Some investors labor under the delusion that the realm of asset allocation and its influences don’t apply to their portfolios. At a recent conference, for instance, I found myself in a casual conversation with a fairly wealthy individual who told me that asset allocation was to be avoided at all costs. He talked a good game, but he didn’t realize that he could no more escape decisions on asset allocation than he could walk the earth and avoid gravity.
Consider an investor who picks stocks, one at a time, looking for so-called beaten-down shares that appear to be trading at a discount to book value or some other accounting metric. Let’s also assume that the investor invests exclusively in this strategy and holds no other assets. To some eyes, it appears that asset allocation is null and void for this portfolio. But first impressions can be deceiving, and that’s true here.
In fact, holding a portfolio of hand-picked value stocks, each selected with great care, is still an asset allocation choice. An extreme one, but an asset allocation choice nonetheless. Although this investor may think that this strategy has nothing to do with asset allocation, the truth is that he’s making a decision to emphasize–in the extreme–a particular equity beta with a specific alpha overlay. Embedded in that choice is a decision to avoid everything else. Assuming that the first decision is the only choice of relevance, and that the second decision has no influence on end results, is to ignore reality.
Every portfolio strategy is driven by what it holds, and what it avoids. Imagine a world with just two assets, A and B. Let’s say that asset A earned 5% per year over a 10-year period while asset B’s price remained unchanged over that span. The benchmark for this world, a 50/50 mix of the two assets, earned 2.5%. But if you held one or the other asset in isolation, your return would be 5% or 0%, depending on which asset you picked. Here’s the key point, and one that’s too often ignored: your return in holding one or the other asset would have changed considerably relative to the 50/50 benchmark because of two factors, not one. That is, earning 5% in this example is a function of choosing to hold the higher-performing asset and sidestepping asset B and its zero return. There’s no other way to earn 5% except as a matter of making two decisions, not one.

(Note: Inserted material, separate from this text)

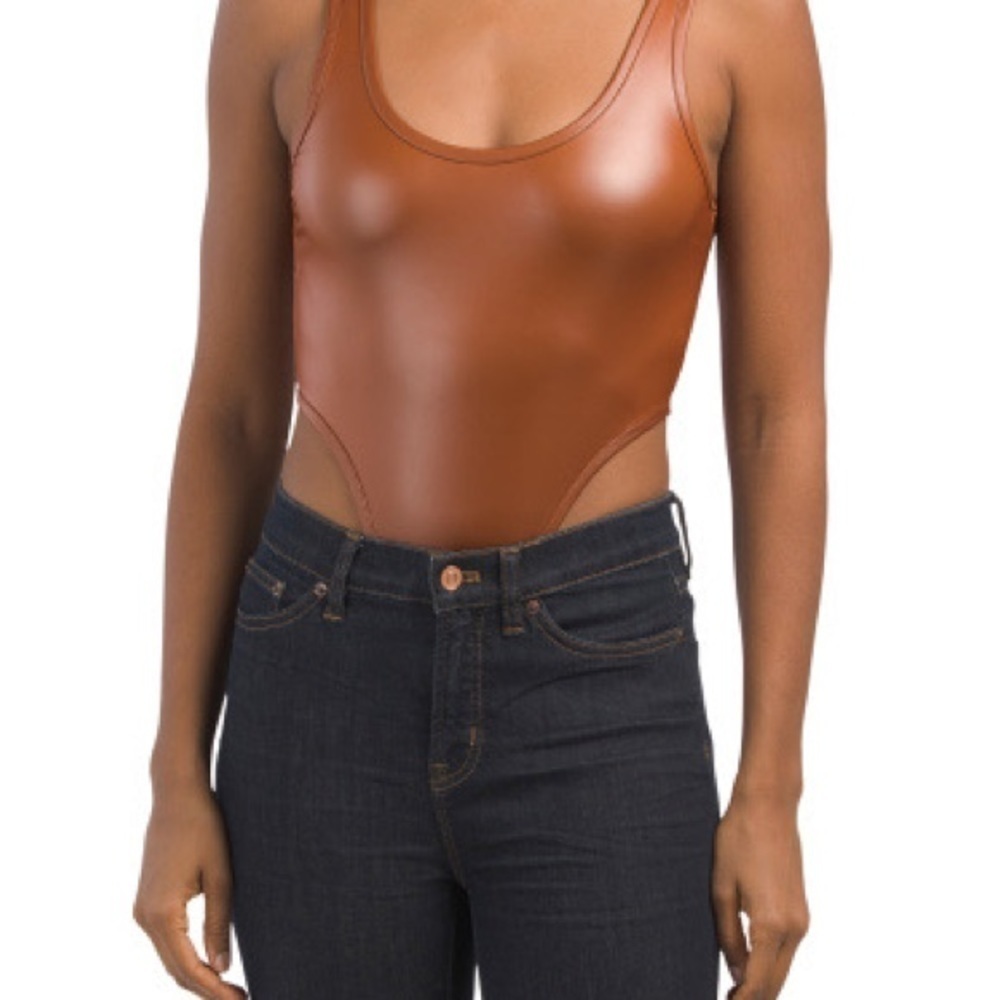 Bozzolo faux leather scoop high cut brown bodysuit size M NWT - Picture 8 of 8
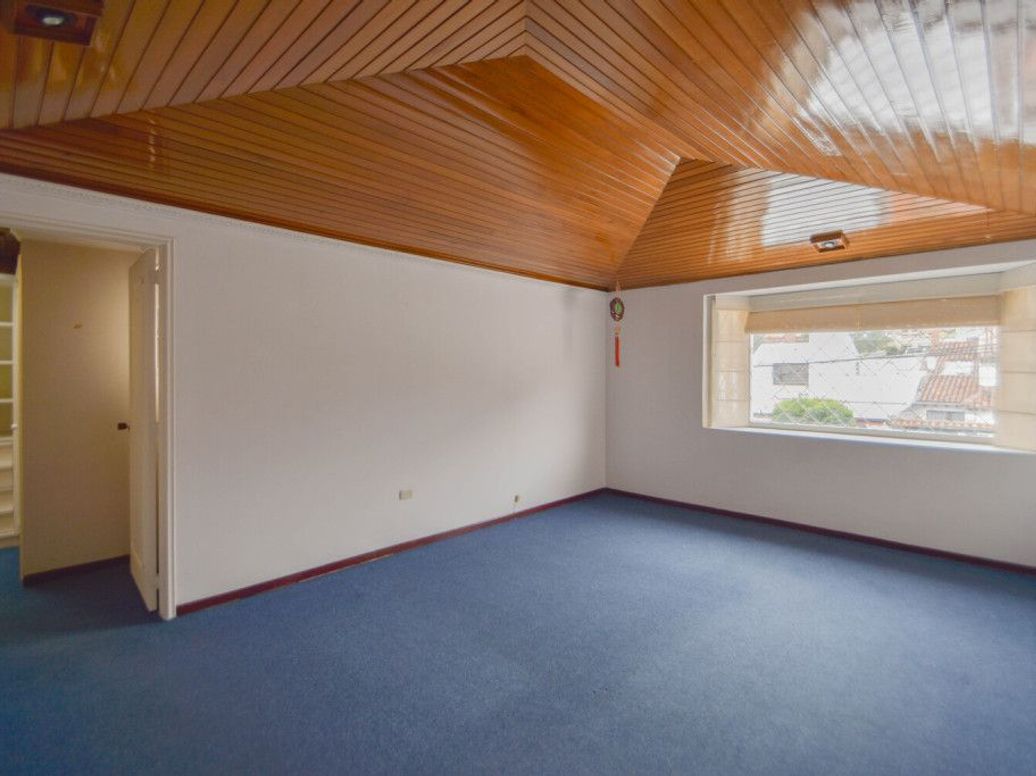 Casa de 3 alcobas en venta en El Contador, Bogotá, 317 m² · foto 13 de 20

The negative-selection factor (NSF) isn’t always so stark in terms of outcomes. For a broadly diversified portfolio, NSF’s influence may be virtually nil. If your strategy holds all but one of the major asset classes, for instance, NSF isn’t likely to be a major influence on risk and return. By contrast, if you hold just one asset class, the NSF influence is potentially huge. Many investors don’ think in these terms, focusing instead on what they own and ignoring what they don’t. But depending on how a portfolio is structured, the assets avoided may be a substantial influence on the strategy’s results. In some cases, what you don’t own may be more important than what you own in terms of the end results.
Asset allocation, in short, applies to every portfolio, no matter how extreme. The implication: you should have compelling reasons for holding a given set of asset classes, but the rule is no less crucial when it comes to avoiding asset classes. Short sellers understand this subtle but crucial point, but it’s usually overlooked otherwise.
Recognized or not, negative influences matter in money management, sometimes a lot. Combine that with the fact that few investors have strong views (if any) about what they don’t own and it’s clear that this combination can be quite powerful. But in a world where NSF can be a critical driver of results, ignoring this aspect of risk and return can have large and unintended consequences, and not necessarily in your favor.
No wonder, then, that holding all the major asset classes as a strategy tends to perform competitively against a broad set of actively managed asset allocation strategies. Yes, it’s difficult to develop and maintain views on each of the major asset classes, much less their subsets. Even if you managed to stay up-to-date on each asset class, it’s still hard to make reliable, high-quality forecasts on a regular basis across such a diverse realm.
Given all this, it’s fair to say that a broadly defined set of asset classes is (still) likely to generate average-to-above-average results through time compared with all the world’s attempts at doing better. That doesn’t sound like much… until you consider the likely outcome from most investors who try to second guess Mr. Market’s asset allocation.